## Action item:
Output, exactly as written, the lines below from the one that has "Cartão Postal Male Whiteface Cockatiel" through the one that has "Manihot chlorosticta"; nothing else, and no pictures.

## Caption-style text data:
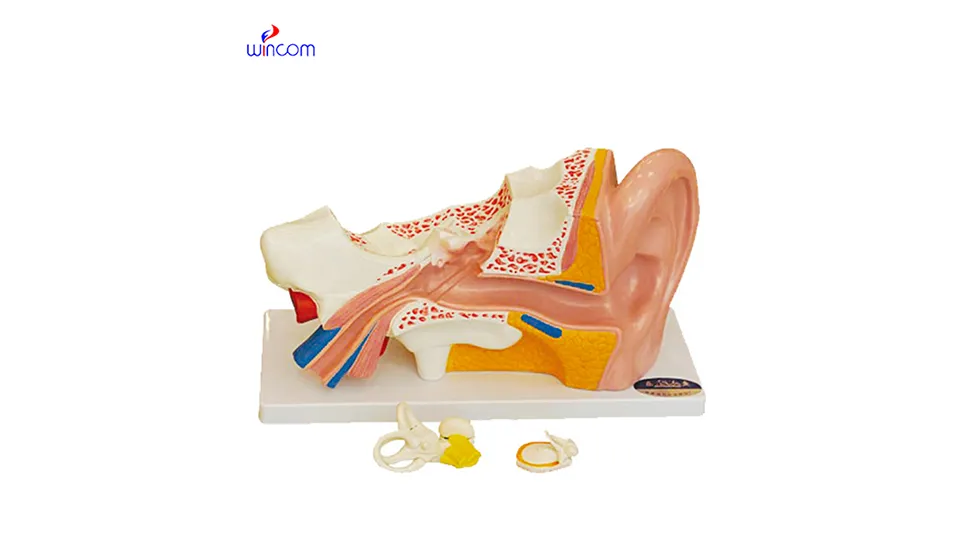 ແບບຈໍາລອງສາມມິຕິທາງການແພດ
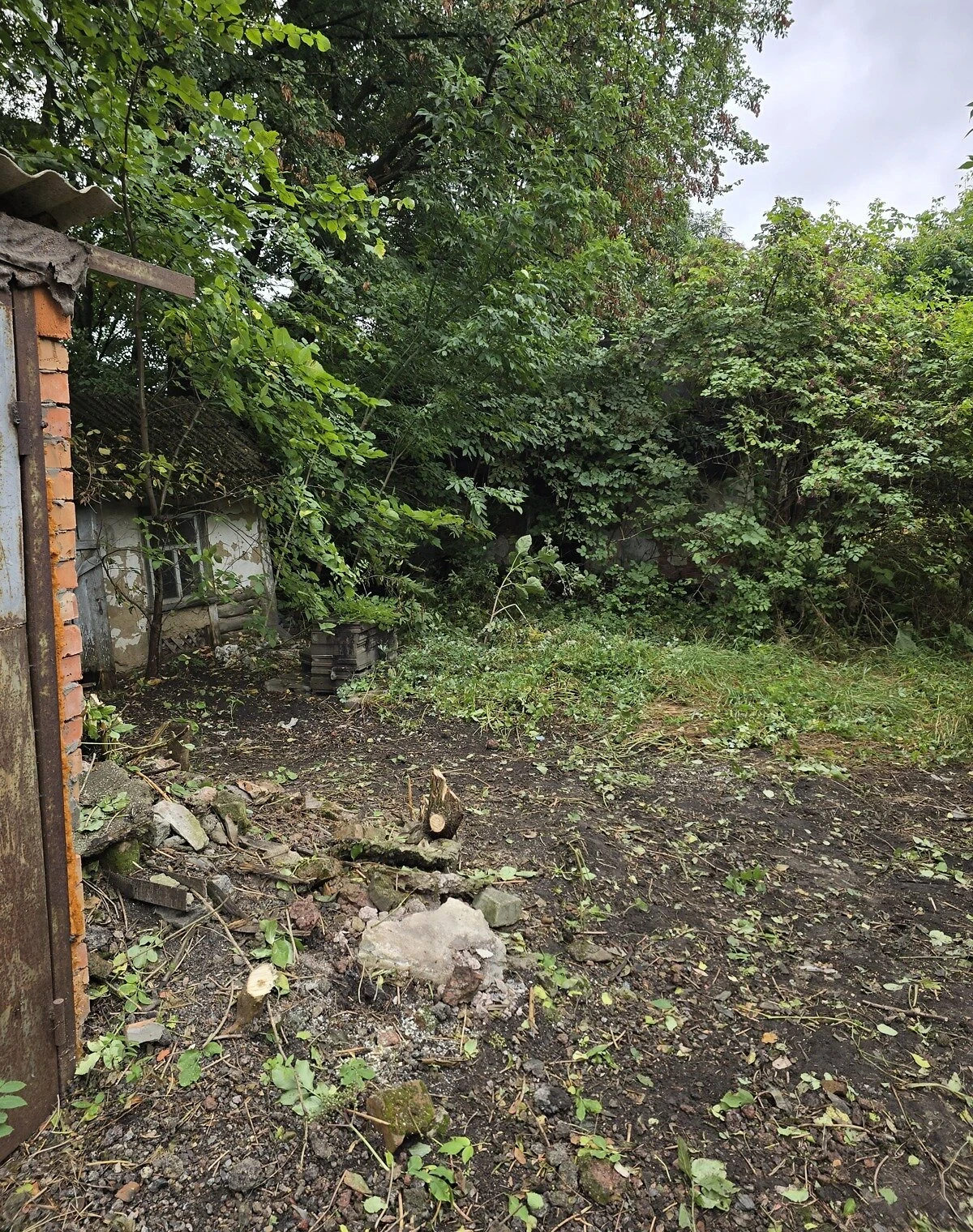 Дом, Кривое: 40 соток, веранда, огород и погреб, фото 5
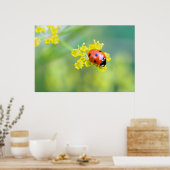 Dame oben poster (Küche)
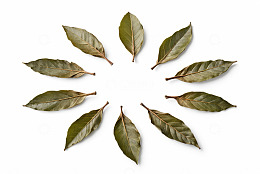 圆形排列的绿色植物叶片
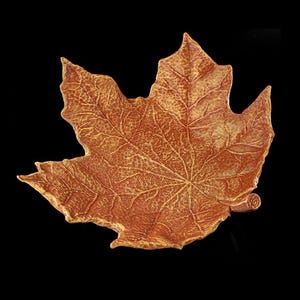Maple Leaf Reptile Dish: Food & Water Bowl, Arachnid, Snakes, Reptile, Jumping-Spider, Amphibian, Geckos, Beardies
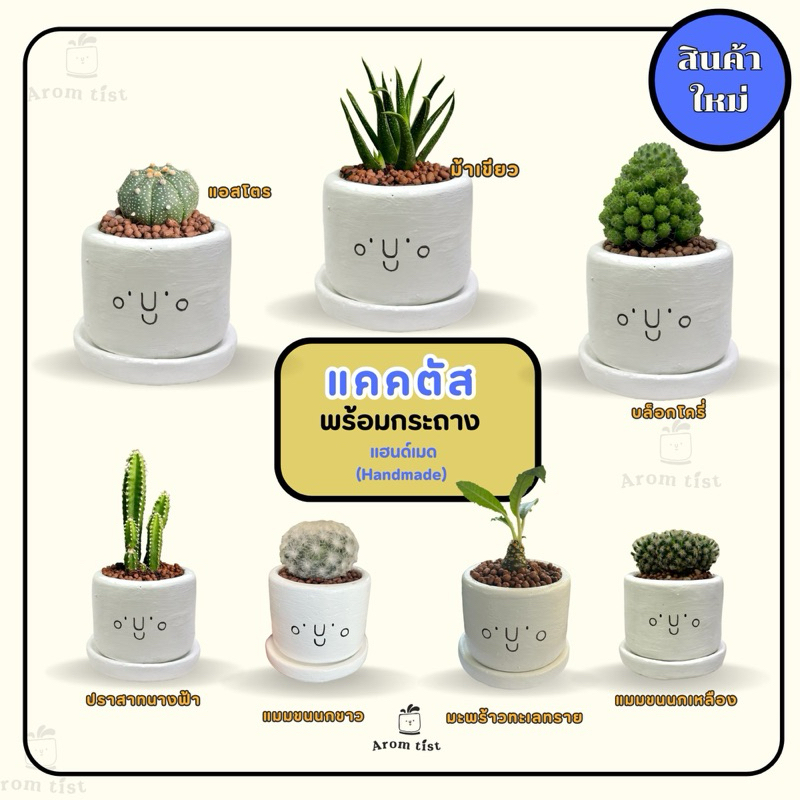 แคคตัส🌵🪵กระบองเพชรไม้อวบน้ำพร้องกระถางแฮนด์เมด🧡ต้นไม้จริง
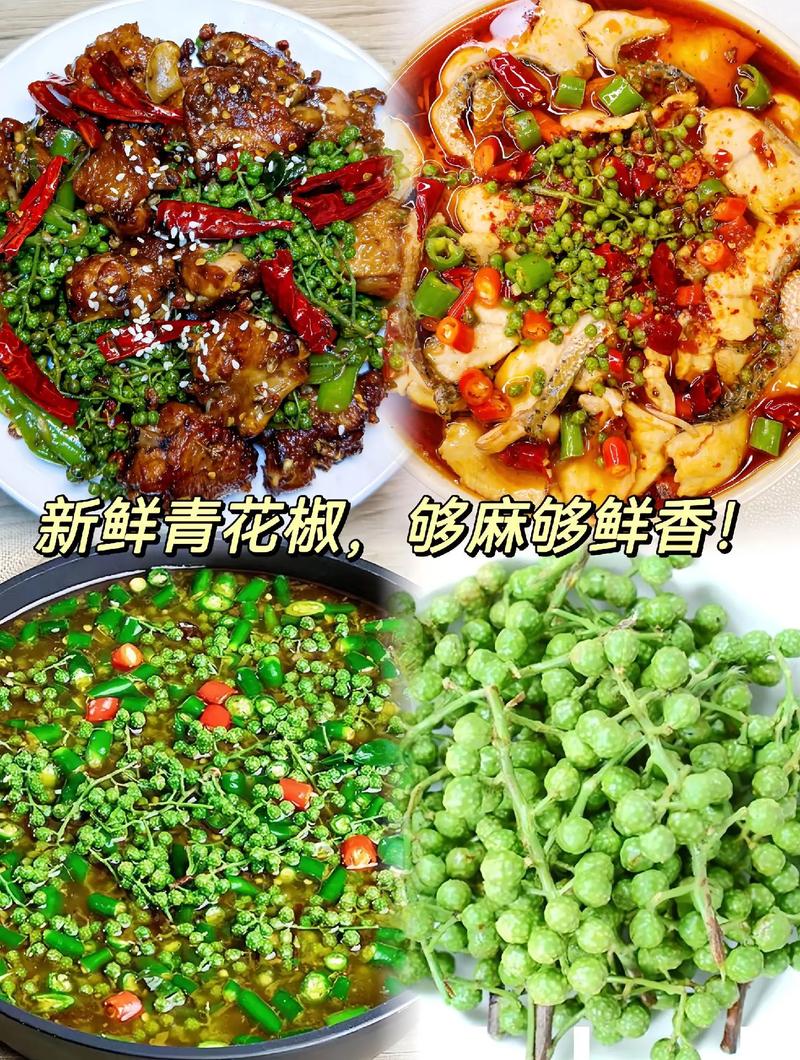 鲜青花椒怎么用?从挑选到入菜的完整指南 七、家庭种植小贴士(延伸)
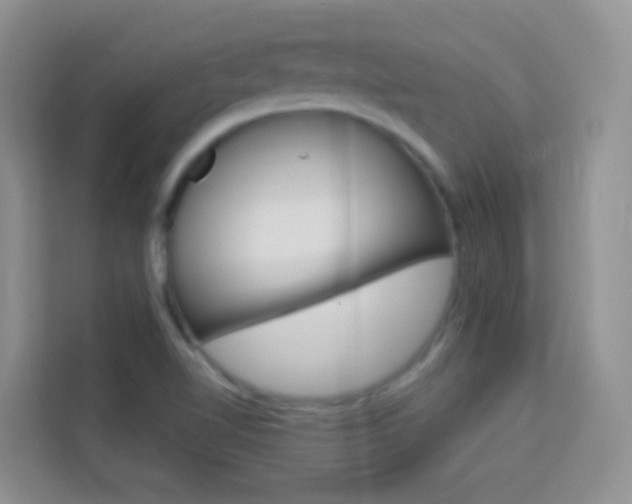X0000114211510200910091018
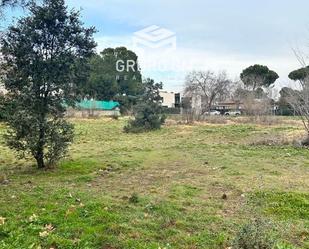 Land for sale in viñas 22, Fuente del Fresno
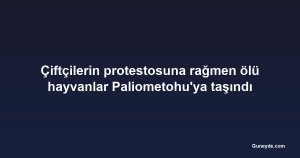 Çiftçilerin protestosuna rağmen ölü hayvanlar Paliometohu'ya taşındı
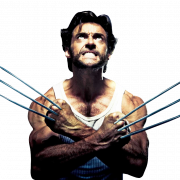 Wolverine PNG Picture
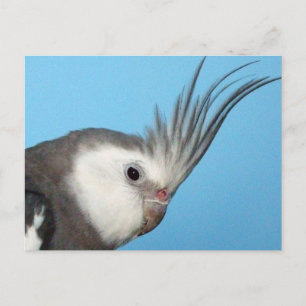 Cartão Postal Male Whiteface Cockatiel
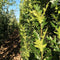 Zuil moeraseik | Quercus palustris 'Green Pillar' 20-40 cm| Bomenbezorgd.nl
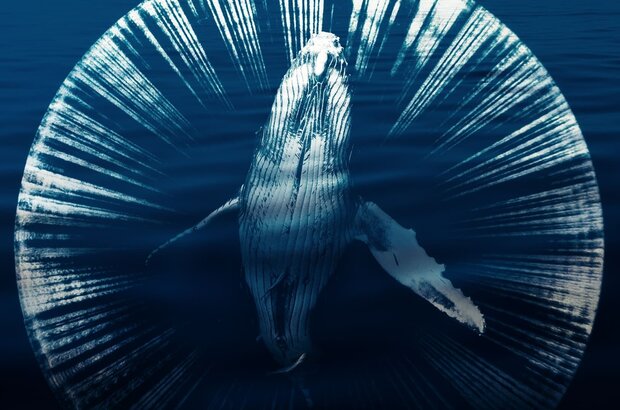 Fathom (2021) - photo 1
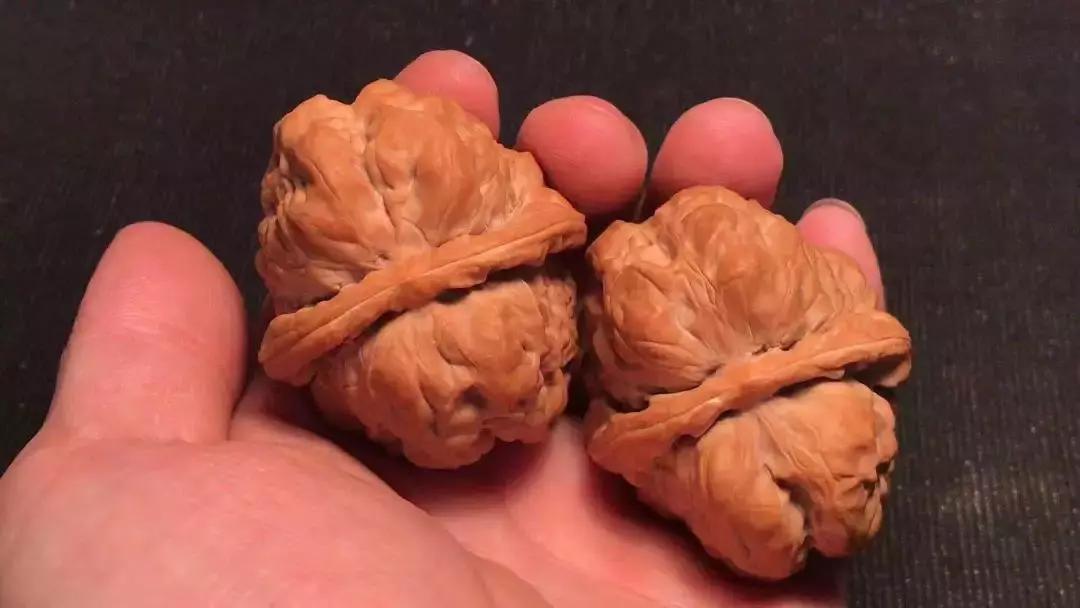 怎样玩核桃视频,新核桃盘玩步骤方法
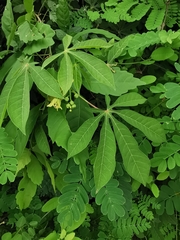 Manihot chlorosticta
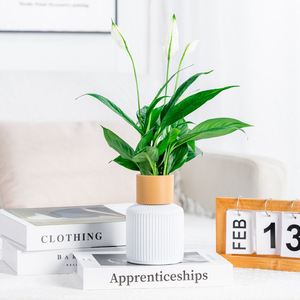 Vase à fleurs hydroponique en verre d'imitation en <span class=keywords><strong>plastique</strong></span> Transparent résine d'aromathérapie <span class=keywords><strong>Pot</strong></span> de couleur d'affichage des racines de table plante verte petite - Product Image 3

## Answer to this task:
 Cartão Postal Male Whiteface Cockatiel
 Zuil moeraseik | Quercus palustris 'Green Pillar' 20-40 cm| Bomenbezorgd.nl
 Fathom (2021) - photo 1
 怎样玩核桃视频,新核桃盘玩步骤方法
 Manihot chlorosticta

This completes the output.